#### DATA EXTRACT ####

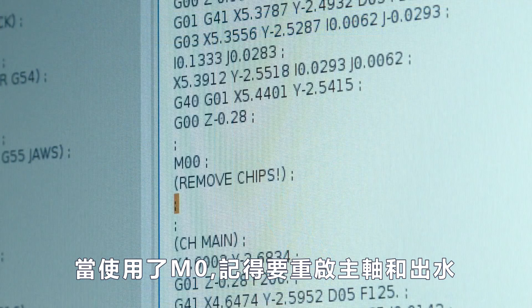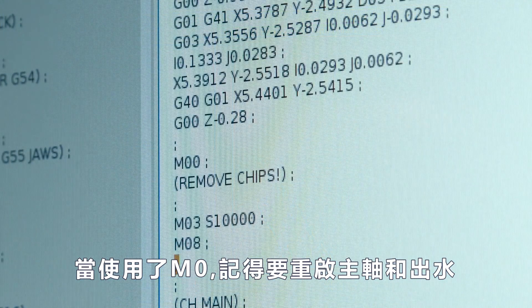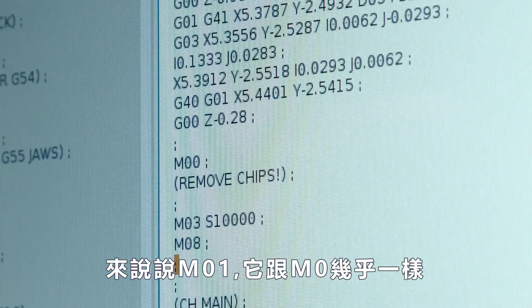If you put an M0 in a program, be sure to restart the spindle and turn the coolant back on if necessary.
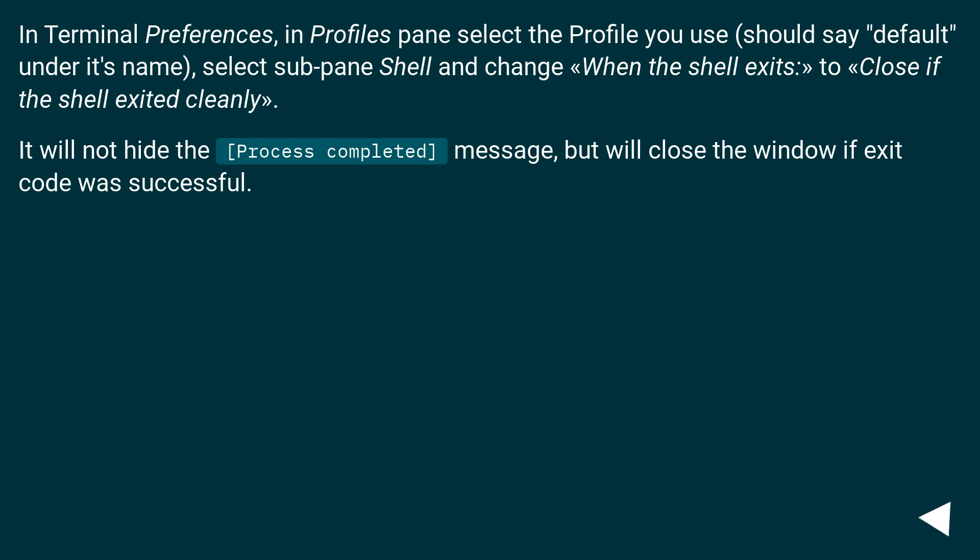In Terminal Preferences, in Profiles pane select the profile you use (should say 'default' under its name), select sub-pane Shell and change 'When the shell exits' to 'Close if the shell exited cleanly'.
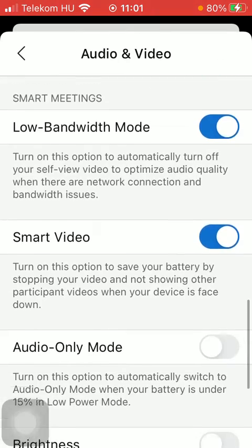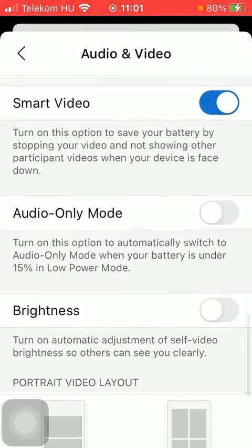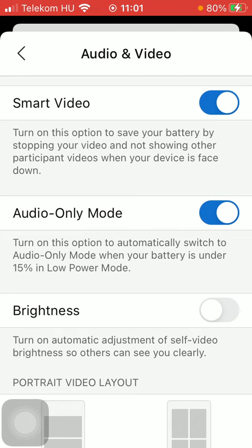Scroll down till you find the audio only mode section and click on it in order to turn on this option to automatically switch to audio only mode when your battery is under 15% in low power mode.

####

TASK ITEM: Excluding all images, transcribe the material word for word.

EXPECTED ANSWER:
If you put an M0 in a program, be sure to restart the spindle and turn the coolant back on if necessary.
In Terminal Preferences, in Profiles pane select the profile you use (should say 'default' under its name), select sub-pane Shell and change 'When the shell exits' to 'Close if the shell exited cleanly'.
Scroll down till you find the audio only mode section and click on it in order to turn on this option to automatically switch to audio only mode when your battery is under 15% in low power mode.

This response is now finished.